Мы сели на покосившуюся лавку и, как два дурака в Гайд— парке, закурили сигары.
— Мить, куда ты дел пистолет?
— Какой пистолет?
— Передо мной — не надо. В ту пятницу у Левушки… тьфу, раньше, конечно, — на Страстном — мы спускались по лестнице, было очень темно. Я зажег спичку — ты проверял, на месте ли пистолет: во внутреннем кармашке твоей сумки.
— Ну и что?
— А то, что я испугался, увидев тебя сегодня в психиатрическом отделении.
— Это «терапия». Мои соседи лежат с инфарктами.
— Правда?
— Правда.
— Слава Богу! А врач?
— Борис Яковлевич — тайный ученик Фрейда и мечтает испытать на мне психоанализ.
Никита попыхивал сигарой, вальяжно раскинувшись, элегантный до неприличия в деревенском запустении, в нашем русском вселенском полураспаде, где — дай срок — проляжет скоростная трасса и последний листок останется разве что в песнопенье.
— Так у тебя инфаркт или невроз?
— У меня ерунда. Иногда кажется, будто нечем дышать.
— И давно?
— В октябре будет два года.
Никита оживился необычайно.
— Именно тогда у них началось, фантастика! Ты лечился у Жеки?
Имя наконец было названо, я почувствовал знакомые симптомы: воздух покидает нашу землю.
— Нет! — заорал я, борясь с удушьем. — Пойми же наконец, ты не в сумасшедшем доме!
— Ничего не понимаю! — заорал и Никита. — Эта компания в пятницу — ты помнишь?
— Какая компания, черт!..
— Пациенты доктора Вэлоса.
— Ну?
— Никогда не верил, что он доктор. Он коммерсант, бизнесмен, он бы развернулся за кордоном.
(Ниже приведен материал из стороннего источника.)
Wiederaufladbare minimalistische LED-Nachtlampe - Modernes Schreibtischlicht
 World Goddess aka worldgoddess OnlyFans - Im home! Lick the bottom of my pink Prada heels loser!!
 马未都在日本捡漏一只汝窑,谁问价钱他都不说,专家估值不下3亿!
— Но он разворачивается у нас.
— Как разворачивается? Что он делает?
— Откуда я знаю? Какая-то колоссальная энергия… Он говорил, энергия смерти, помнишь? Чтобы поверить во все это, надо сбросить последние пятьсот лет и обратиться к средневековой мистике.
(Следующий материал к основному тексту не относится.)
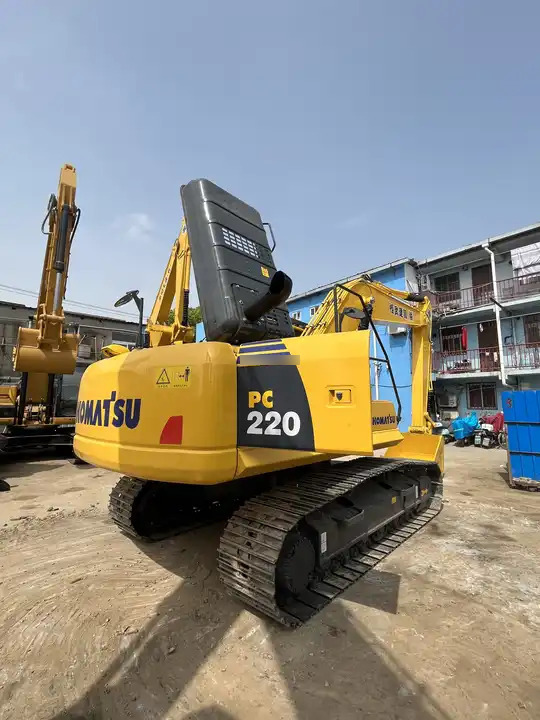 Used Japan Komatsu Pc220-8 Komatsu 20 Ton Excavator With High Quality/komatsu 220 Excavator At Low Price - Excavator: picture 2 Used Japan Komatsu Pc220-8 Komatsu 20 Ton Excavator With High Quality/komatsu 220 Excavator At Low Price - Excavator: picture 2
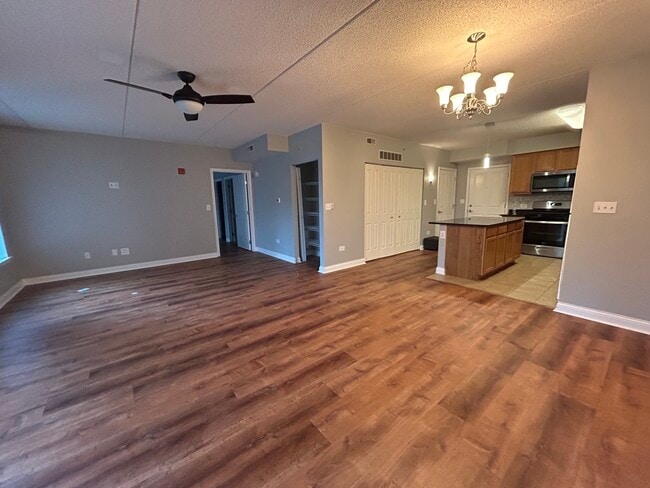 Foto del edificio - 3400 N Old Arlington Heights Rd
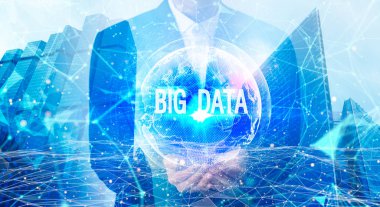 Büyük veri konsepti, IoT (Nesnelerin İnterneti). Küresel bağlantıyla el ele tutuşan iş adamının çifte maruz kalma unsurları. ICT (Bilgi İletişim Teknolojisi) Smart şehir konsepti.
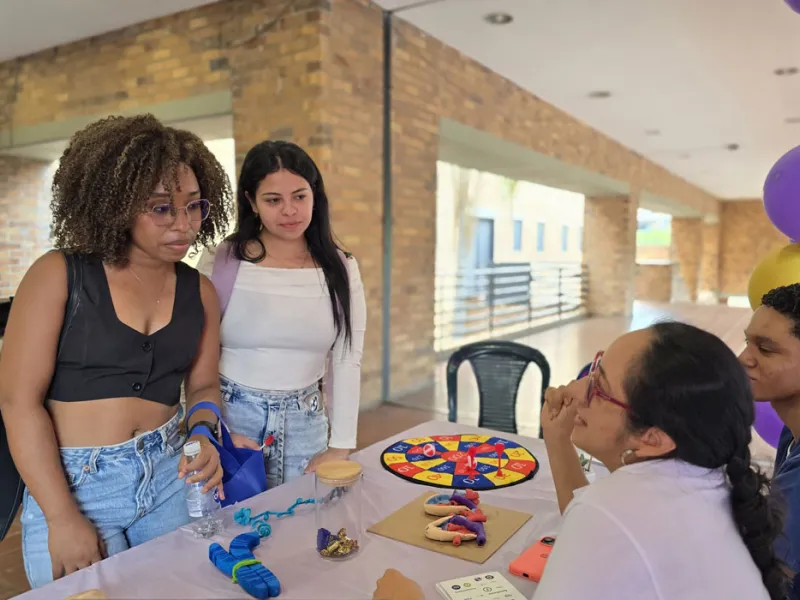 Estudiantes de Medicina compartieron experiencias en su paso hacia la vida profesional Estudiantes de Medicina compartieron experiencias en su paso hacia la vida profesional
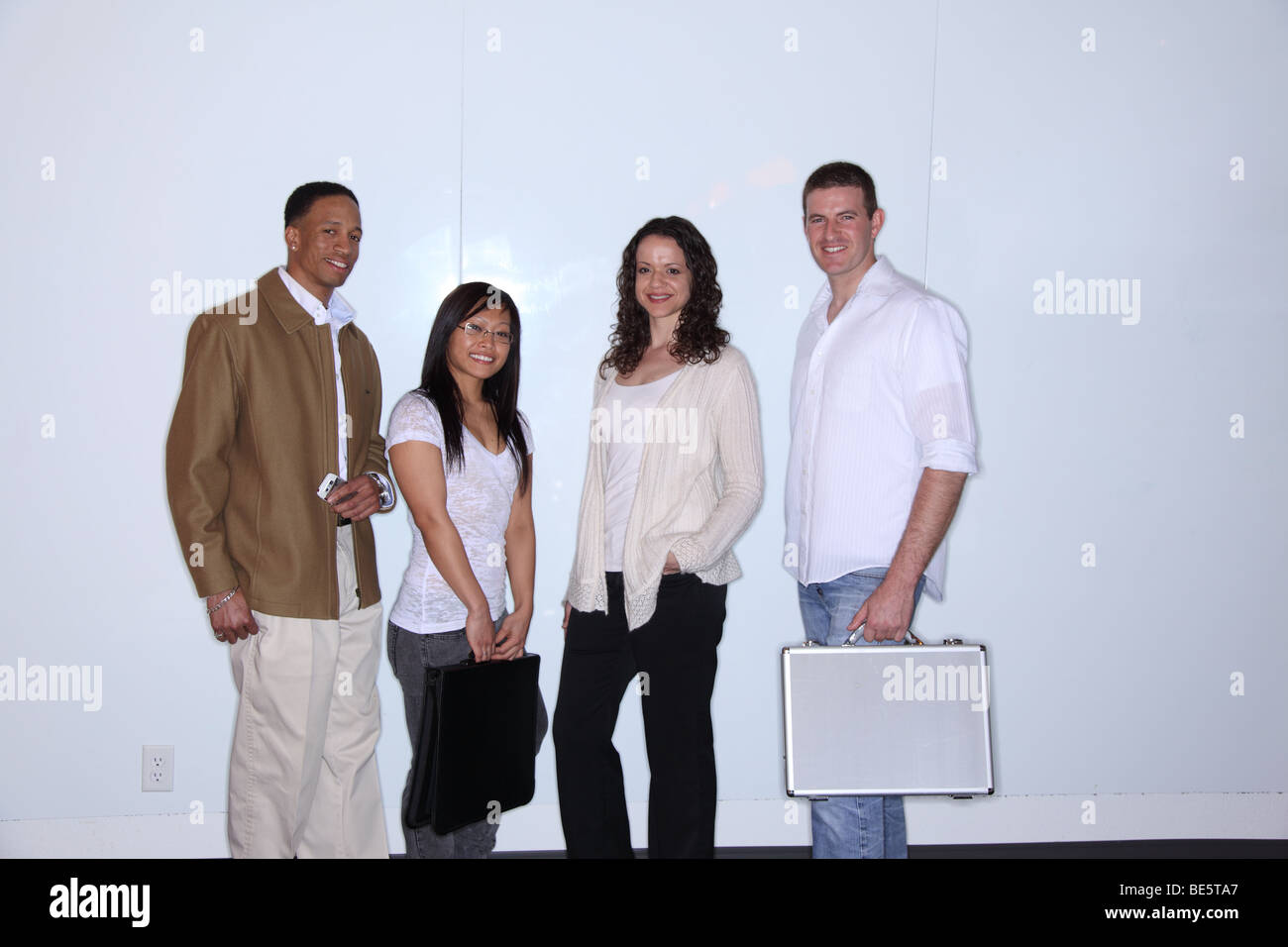 Ritratto di gruppo di giovani informali di lavoro persone Foto Stock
— Итак, источник — сатана, — констатировал Никита с мрачноватой усмешкой. — А Жека на подхвате.
Мы рассмеялись, но с натугой, как неумелые актеры (современные актеры, разыгрывающие интермедию в «Докторе Фаустусе»).
— Он еще не развернулся, — подал я соответствующую реплику (совсем мне не было смешно), — не овладел средствами массовой информации.
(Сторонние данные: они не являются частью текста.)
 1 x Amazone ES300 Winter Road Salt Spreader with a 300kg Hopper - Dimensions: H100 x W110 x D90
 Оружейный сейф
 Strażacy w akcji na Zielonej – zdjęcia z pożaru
— А его писатели? Они пишут, и их читают.
— Это интеллигенция. Чтобы охватить народ в целом, нужен голубой ящик. Кажется, у пророка Даниила: Мессия должен прийти к каждому. Мы воспринимаем символически, а сказано буквально: физически, к каждому.
— Иисус не мог размножиться.
— Он мог все, но что-то помешало. А теперь это реально и обыденно. Те народы, которые приняли Откровение (я имею в виду арийские народы), лихорадочно занялись прогрессом, чтобы подготовить Его приход, Царствие Божие. Но, как всегда, средства подменили цель — механический прогресс стал богом. Можно одновременно войти в каждый дом, но мы забыли пророчество: «Многие придут под именем Моим».